By the end of last week, both sides in the dispute faced charges, even as the theater claimed it had been exonerated by the charges against Bertheussen. Newspaper VG reported Sunday night, however, that the charges against the theater officials have now been dropped, for lack of evidence.
(To read Black Box Theater’s reacton to the charges and debate around the play, click here – external link to the theater’s website.)
The charges against Bertheussen were upheld. Her complaints over the past four months had won support among other Progress Party politicians but also criticism from those who claimed the theater group must be allowed freedom of artistic expression. Several top Progress Party politicians over the years “have had problems with freedom of expression,” wrote commentator Hege Ulstein in Dagsavisen over the weekend, noting that Progress politicians are known to challenge expression that they don’t like.
After the fifth act of vandalism and arson against Wara’s home erupted last weekend, when he was away for the football weekend in the UK, he won bipartisan support from colleagues who bemoaned how difficult it’s become to be a politician in the public spotlight. They were joined by Prime Minister Solberg, who has later caught lots of criticism herself for criticizing the theater for making politicians’ lives harder, and exposing their families as well.
When Bertheussen was charged late last week, Solberg was immediately asked to apologize to all those involved with the play, several of whom had been threatened themselves. When Solberg refused to do so, she was also blasted by other, more mainstream cultural and theatrical officials, including the head of the National Theater in Oslo.
Was Bertheussen so angered by the play, and how she felt it could threaten her partner, that she planted threats herself to prove her point? Absolutely not, she claims through her lawyer. He told reporters over the weekend that she had answered investigators’ questions and now hopes they’ll find those guilty of vandalizing, setting fires and otherwise threatening her home.

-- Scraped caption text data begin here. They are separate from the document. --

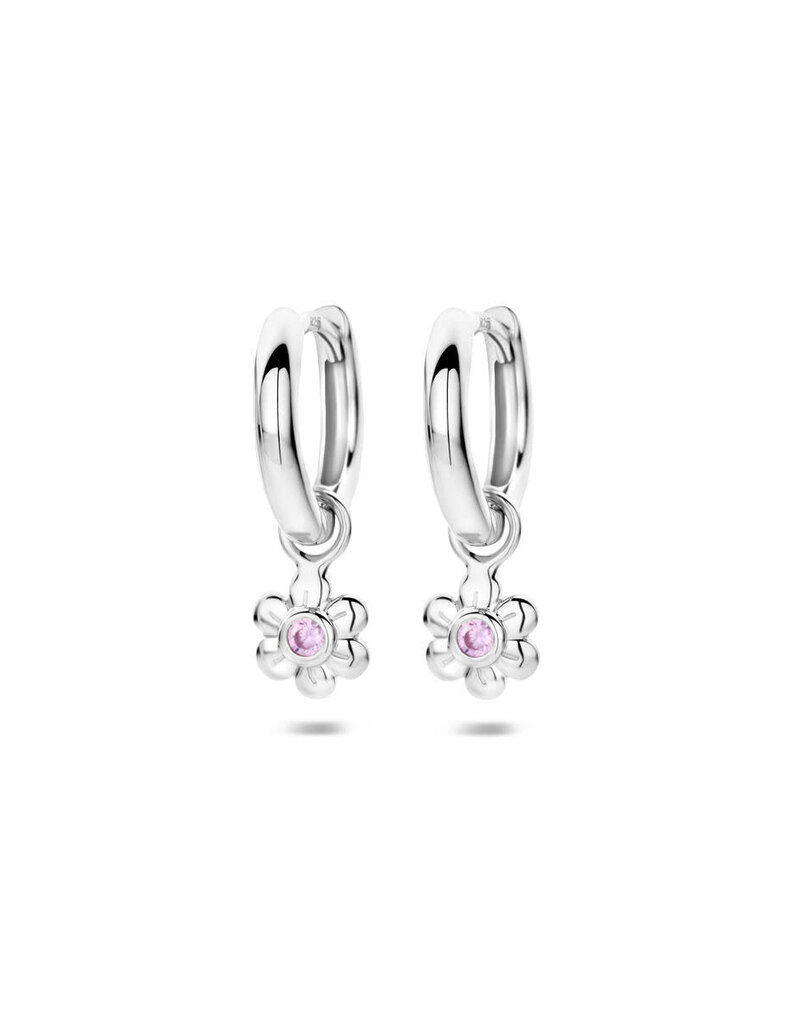 Zilveren oorringen - Gerhodineerd - Bloemetje - Roze zirkonia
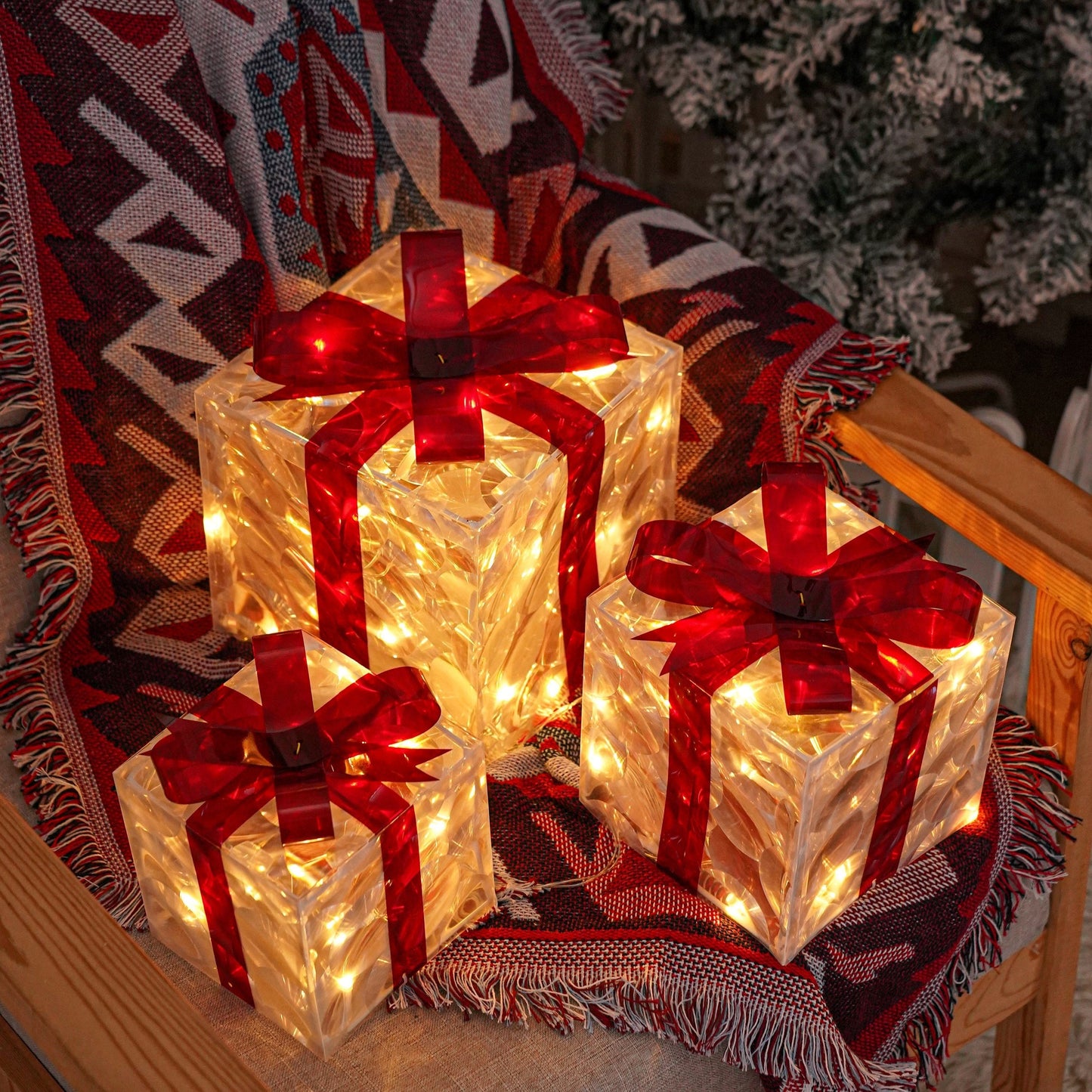 Sandsberg LED Geschenkboxen Set | Weihnachtsbeleuchtung | Deko für Innen & Außen | Set aus 3 Boxen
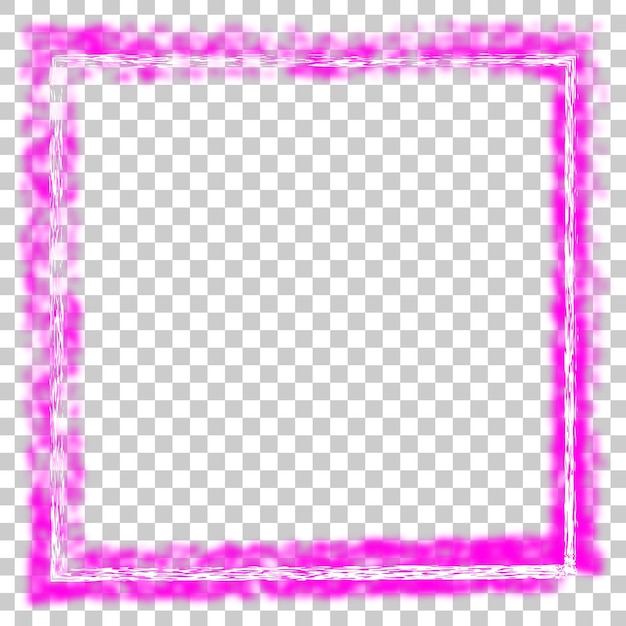 Quadro quadrato di neon rosa su sfondo trasparente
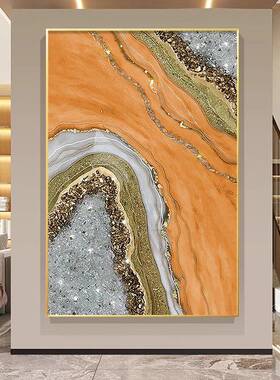 70YF大芬手绘油画入户玄关装饰画现代简约轻奢客厅抽象橙色过道挂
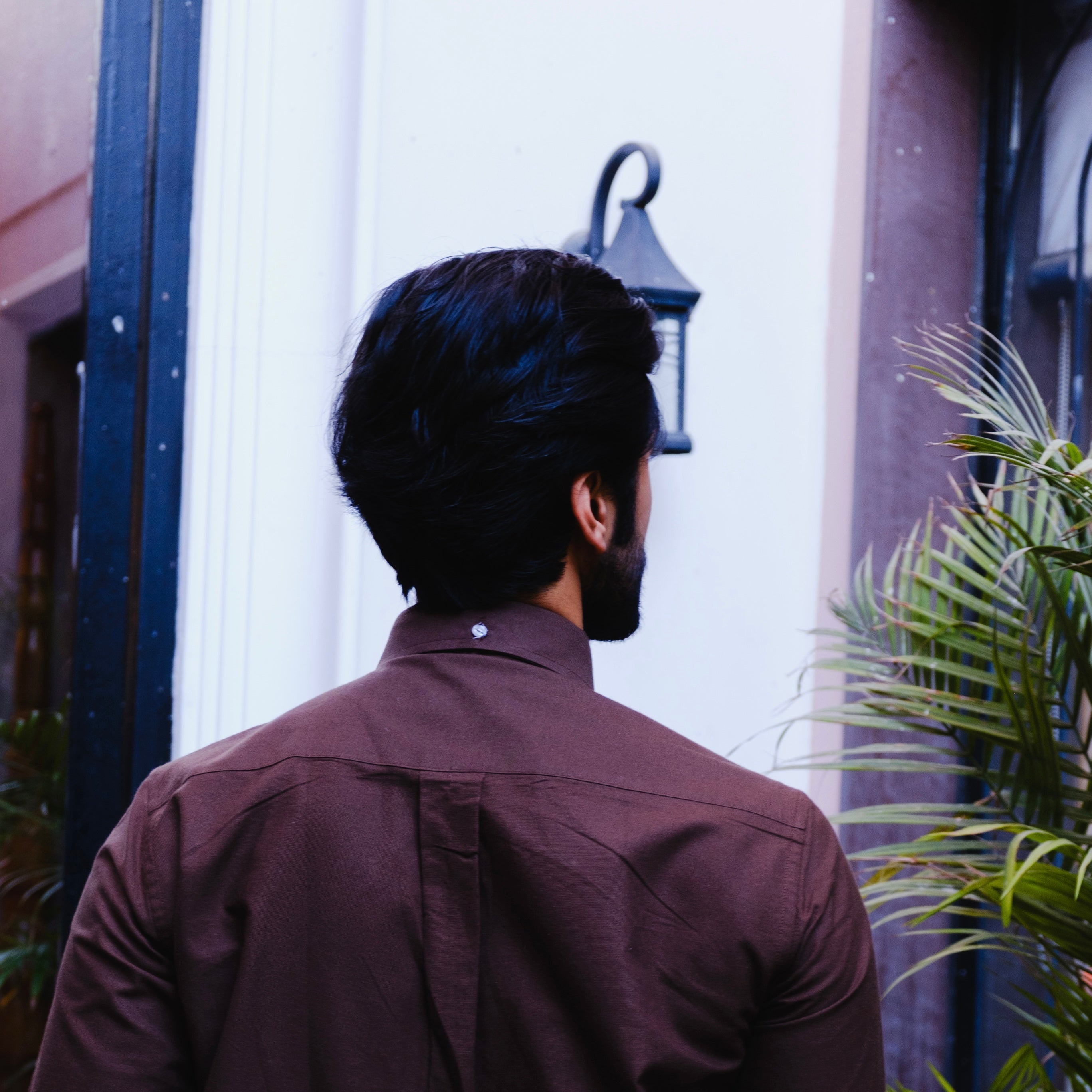 VALENTI COCOA BROWN OXFORD BUTTON-DOWN SHIRT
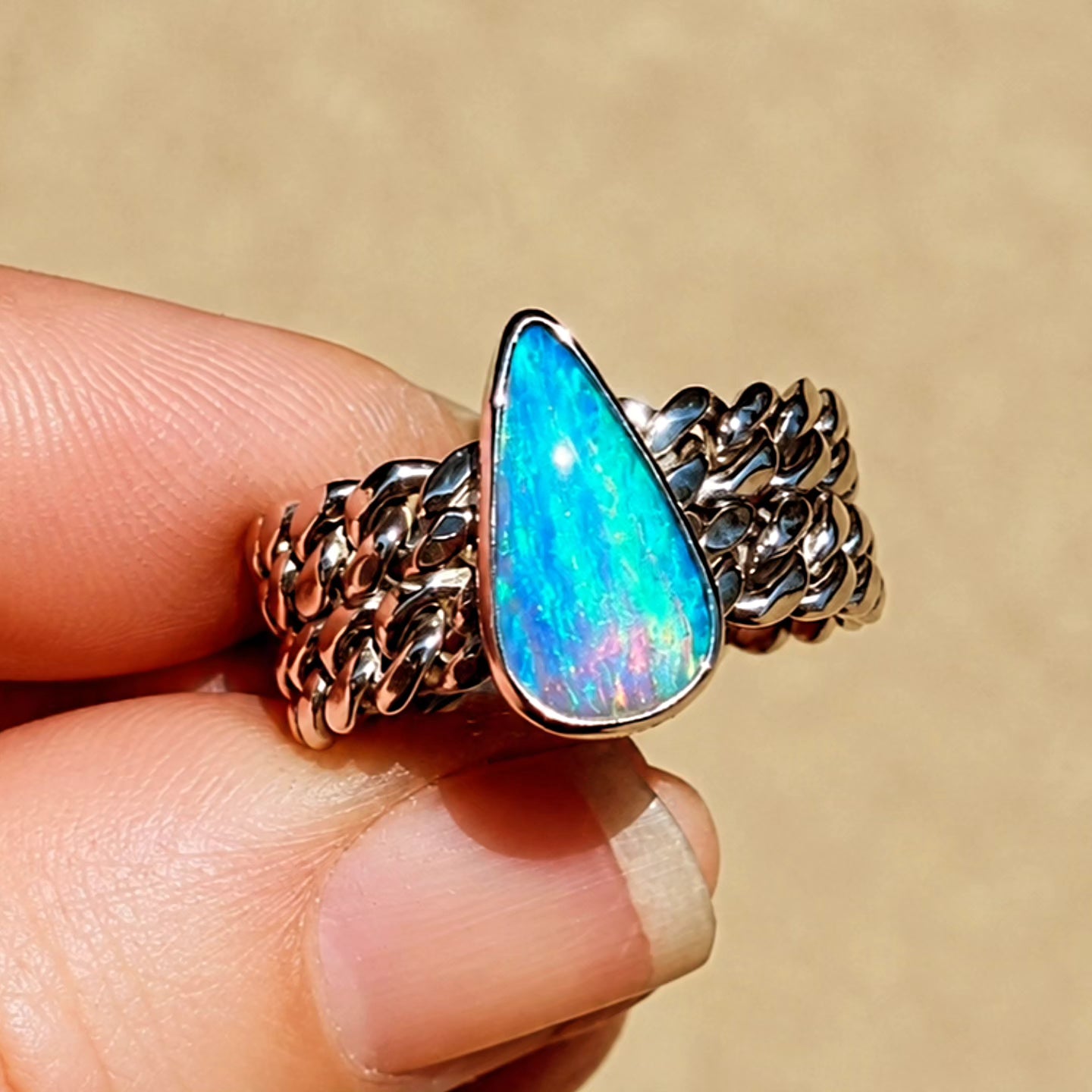 Opal Curb Chain Ring Size 6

It remained unclear, meanwhile, whether Wara can ever return as justice minister. There’s nothing legally blocking that, according to a law professor at the University of Oslo, but the questions raised by the charges and the new power imbalance between the minister and his underlings loom large. His credibility as the nation’s justice minister has been damaged.
Solberg won’t comment, claiming the police “must now be allowed to do their work.” That could take months, prompting others to claim that Solberg should finally take the justice minister’s position out of the Progress Party’s control in her coalition government and place it under her own Conservatives’ control instead. Progress’ justice ministers have repeatedly run into trouble, critics note, and Solberg needs stability within her cabinet in the run-up to the next national election in 2021.